Joanie’s fingers itch for her purse, for her phone. What did Tess send? Did she finally sign it? No. Impossible. Better to not have the phone. It’s like she told the receptionist: nothing left to say.

Because the only thing Joanie can say anymore is the obvious, and the obvious is what Tess is least inclined to hear. What Joanie means is, seeing how Bruce is in a drop-dead coma, has been in a drop-dead coma for over six months now, and seeing how stroke victims often recover within six months, if at all—well taking that into account, Joanie is sorry, really she is, but her brother Bruce is dead. Joanie doesn’t like it, Tess doesn’t like it, but it’s the truth. Dead. And seeing as Bruce is dead, it seems to Joanie that her and Tess’s sister-in-lawship is all but dead as well.

That was the word the preacher-in-training had used: theology. He’d given it to Joanie a few months ago, and she’s made good use of it ever since.

Ten minutes, the woman said. Well, they’ve got magazines in here. It’s been a while since Joanie’s sat with a magazine. Elle, People, Real Simple. Let’s see what Oprah has to say these days. 

Oprah tells Joanie this issue is all about the soul, about finding the path that leads to the authentic you. About taking a deep breath then letting it go. About being here now. 

Joanie laughs in Oprah’s face. She closes the magazine, throws it down on top of Elle. A magazine about soul? A path that leads to the authentic you? Psh, Joanie says to the empty waiting room.

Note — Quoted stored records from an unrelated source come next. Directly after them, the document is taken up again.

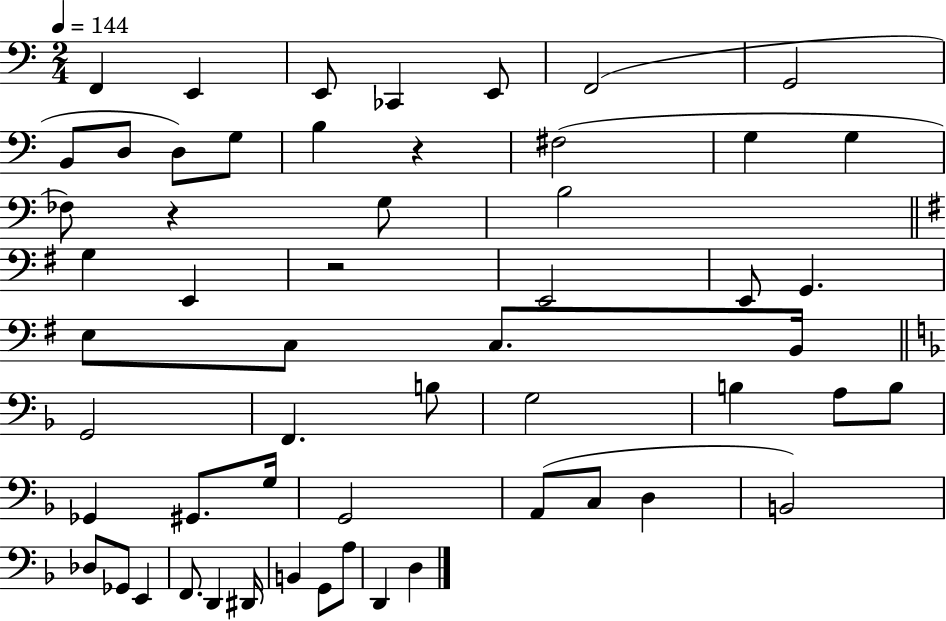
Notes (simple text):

F2/q E2/q E2/e CES2/q E2/e F2/h G2/h B2/e D3/e D3/e G3/e B3/q R/q F#3/h G3/q G3/q FES3/e R/q G3/e B3/h G3/q E2/q R/h E2/h E2/e G2/q. E3/e C3/e C3/e. B2/s G2/h F2/q. B3/e G3/h B3/q A3/e B3/e Gb2/q G#2/e. G3/s G2/h A2/e C3/e D3/q B2/h Db3/e Gb2/e E2/q F2/e. D2/q D#2/s B2/q G2/e A3/e D2/q D3/q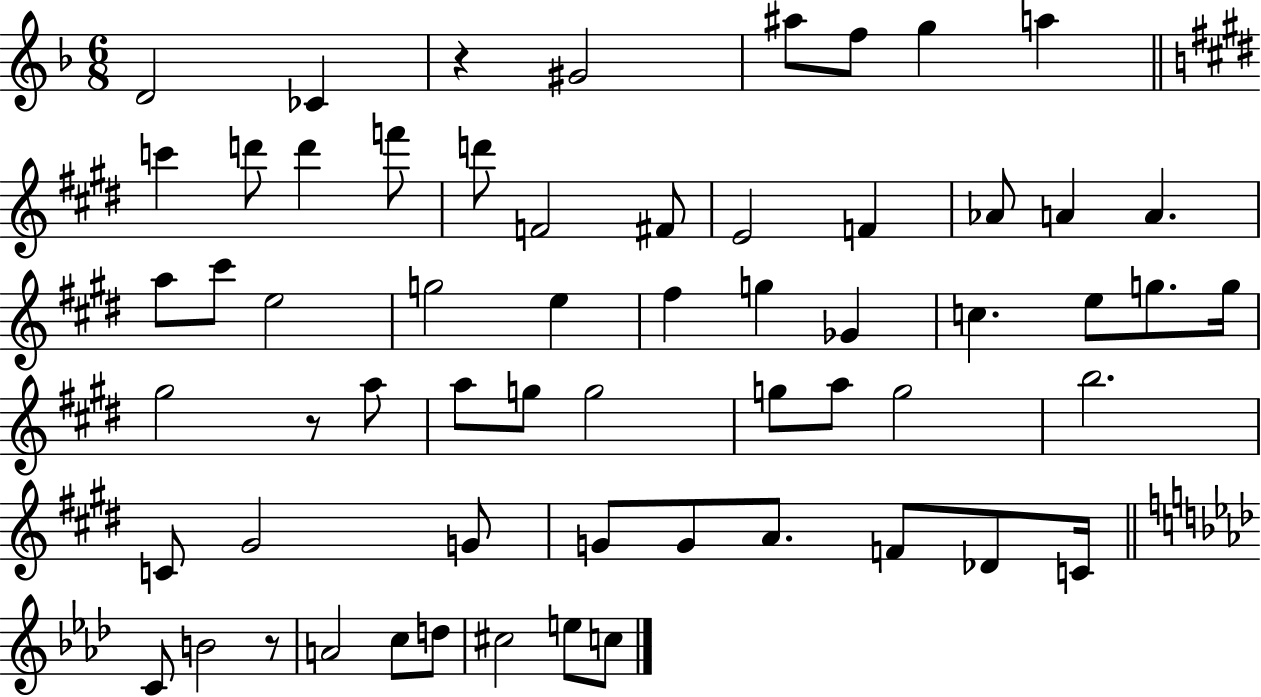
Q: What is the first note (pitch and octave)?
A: D4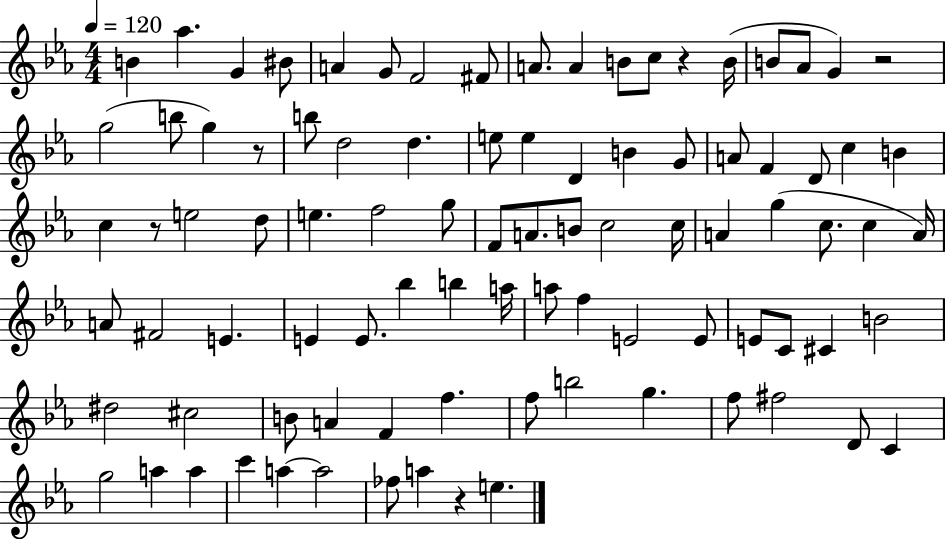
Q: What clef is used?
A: treble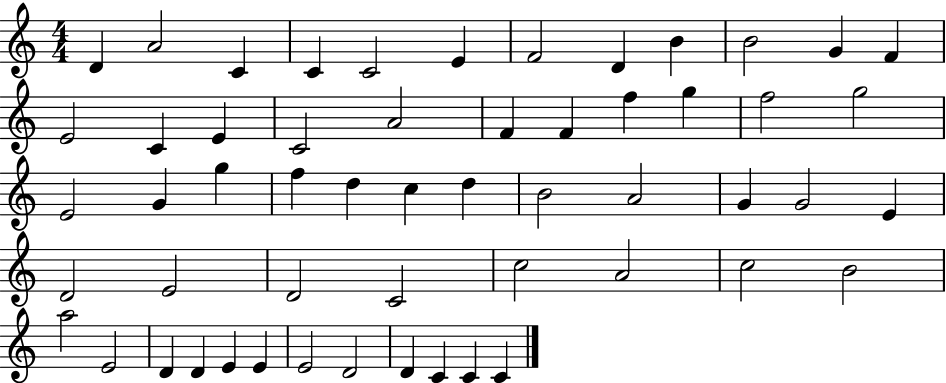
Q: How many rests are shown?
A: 0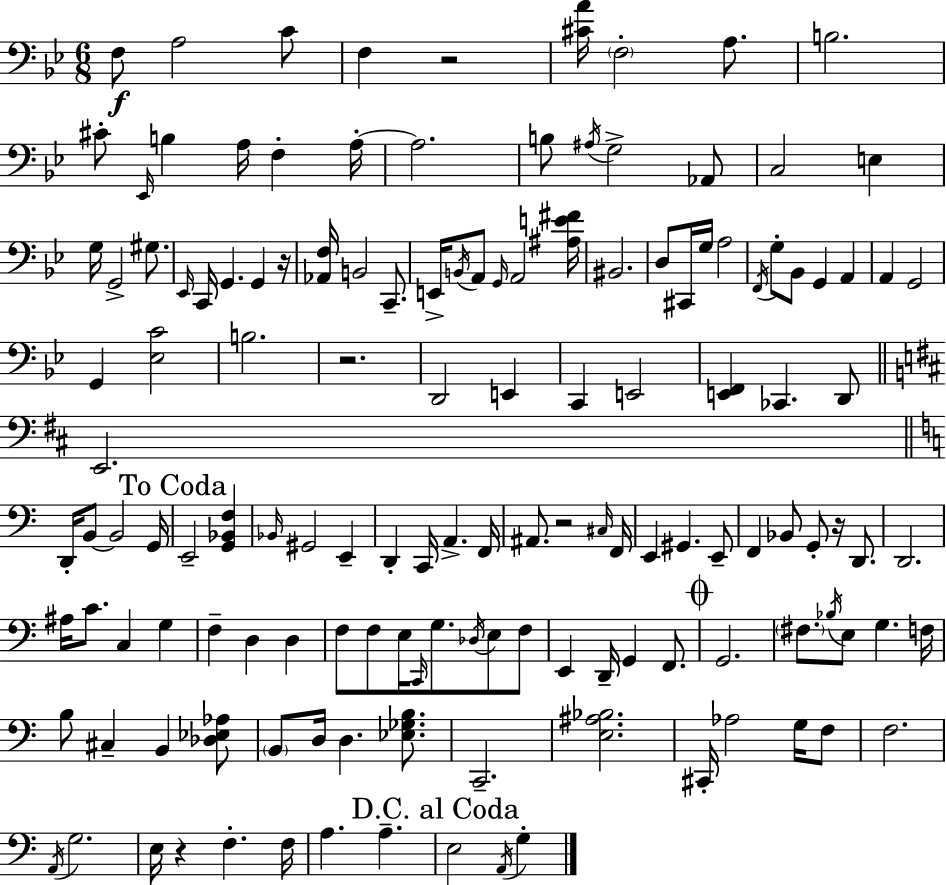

Then she says, out loud: “Bad theology, that’s what it is. Just bad theology . . .”

That was the word the preacher-in-training had used: theology. He’d given it to Joanie a few months ago, and she’s made good use of it ever since. It was the monthly church potluck, and he’d been sitting all alone at one of the big, round tables. This was a couple of months into Bruce’s coma when Tess was in her emoji phase. Joanie texted her for updates every single day and always got the same response: yellow cartoon hands, folded in prayer. 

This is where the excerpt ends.